Wireless Technologies (2G/GSM, GPRS, EDGE, 3G, 4G)

Monday, November 17, 2008 Labels: ,
2G/GSM
2G (or 2-G) is short for second-generation wireless telephone technology.

Second generation 2G cellular telecoms networks were commercially launched on the GSM standard in Finland by Radiolinja (now part of Elisa) in 1991. Three primary benefits of 2G networks over their predecessors were that phone conversations were digitally encrypted, 2G systems were significantly more efficient on the spectrum allowing for far greater mobile phone penetration levels; and 2G introduced data services for mobile, starting with SMS text messages.

2G/GSM
GSM (Global System for Mobile communications: originally from Groupe Sp├ęcial Mobile) is the most popular standard for mobile phones in the world. Its promoter, the GSM Association, estimates that 82% of the global mobile market uses the standard. GSM is used by over 3 billion people across more than 212 countries and territories. Its ubiquity makes international roaming very common between mobile phone operators, enabling subscribers to use their phones in many parts of the world. GSM differs from its predecessors in that both signaling and speech channels are digital, and thus is considered a second generation (2G) mobile phone system. This has also meant that data communication was easy to build into the system.

GPRS
Short for General Packet Radio Service, a standard for wireless communications which runs at speeds up to 115 kilobits per second, compared with current GSM (Global System for Mobile Communications) systems' 9.6 kilobits.
GPRS, which supports a wide range of bandwidths, is an efficient use of limited bandwidth and is particularly suited for sending and receiving small bursts of data, such as e-mail and Web browsing, as well as large volumes of data.

EDGE
Acronym for Enhanced Data GSM Environment. EDGE is a faster version of GSM wireless service. EDGE enables data to be delivered at rates up to 384 Kbps on a broadband. The standard is based on the GSM standard and uses TDMA multiplexing technology.

3G
3G refers to the third generation of developments in wireless technology, especially mobile communications. The third generation, as its name suggests, follows the first generation (1G) and second generation (2G) in wireless communications.

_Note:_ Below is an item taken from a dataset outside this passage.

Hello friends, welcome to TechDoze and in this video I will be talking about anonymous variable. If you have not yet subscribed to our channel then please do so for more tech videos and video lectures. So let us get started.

3G includes capabilities and features such as:

Enhanced multimedia (voice, data, video, and remote control).

Usability on all popular modes (cellular telephone, e-mail, paging, fax, videoconferencing, and Web browsing).

Broad bandwidth and high speed (upwards of 2 Mbps).

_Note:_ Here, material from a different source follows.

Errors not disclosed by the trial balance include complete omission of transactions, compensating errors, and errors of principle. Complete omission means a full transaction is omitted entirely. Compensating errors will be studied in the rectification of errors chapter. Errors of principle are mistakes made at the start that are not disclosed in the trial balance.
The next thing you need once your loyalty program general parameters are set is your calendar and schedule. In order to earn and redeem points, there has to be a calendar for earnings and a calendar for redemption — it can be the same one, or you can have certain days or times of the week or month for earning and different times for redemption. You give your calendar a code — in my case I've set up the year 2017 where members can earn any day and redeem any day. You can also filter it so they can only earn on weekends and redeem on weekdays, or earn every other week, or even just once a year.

Roaming capability throughout Europe, Japan, and North America.

4G
4G is the short term for fourth-generation wireless, the stage of broadband mobile communications that will supercede the third generation (3G). While neither standards bodies nor carriers have concretely defined or agreed upon what exactly 4G will be, it is expected that end-to-end IP and high-quality streaming video will be among 4G's distinguishing features. Fourth generation networks are likely to use a combination of WiMAX and WiFi.